TRIBUTES have been paid to Dorothy Bland after the 100-year-old died this week.

Dorothy has left a large family: Daughter Pamela, 67, four grandchildren – Gary, 39, Sally, 40, Dale, 42, and Julie, 43 and 14 greatgrandchildren, the youngest of whom is Oscar, aged just nine months.

Having served in London during the Second World War and survived the blitz, Dorothy settled in Swindon when she was 30, and enjoyed football, tennis and holidays to Spain.

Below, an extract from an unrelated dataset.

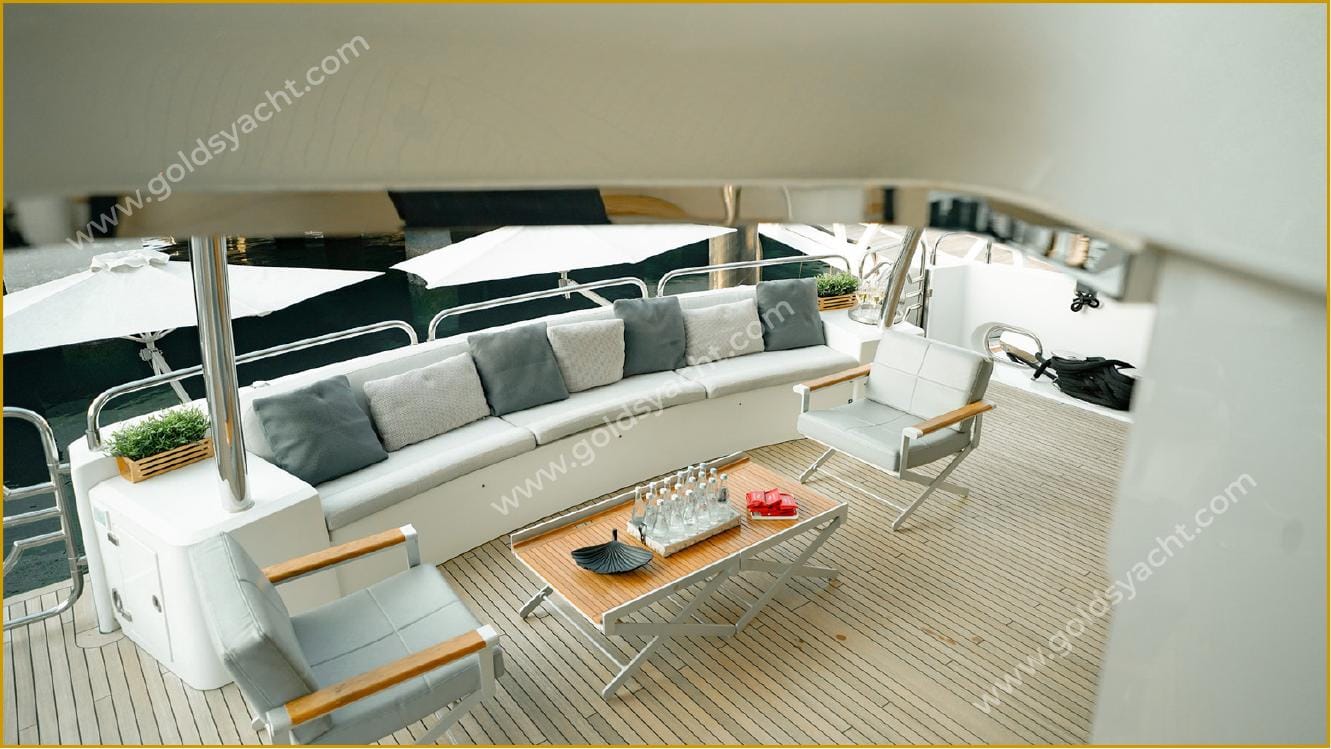 Celestial Majesty Bis 150 Yacht — photo 10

She married twice, first to Alec Viner, then to James Bland, who was the architect who designed the bridge by the Wyvern Theatre.

“She was a real lady,” Pamela said. “She always had her earrings in and got dolled up, whatever the occasion.

“She would always come down on me hard if I didn’t have any make up on.

“If I had something, she always wanted it. If I bought a dress she would always ask why I hadn’t got one for her.”

Dorothy put her long life down to keeping busy, and fought off the dangers of drinking and smoking.

“She always put down her old age to hard work,” said Pamela.

“You don’t have to go out to work to work, and she did so much round the house.

“She had a big house on Sheppard Street, and used to take in boarders. Then my dad died and she got remarried.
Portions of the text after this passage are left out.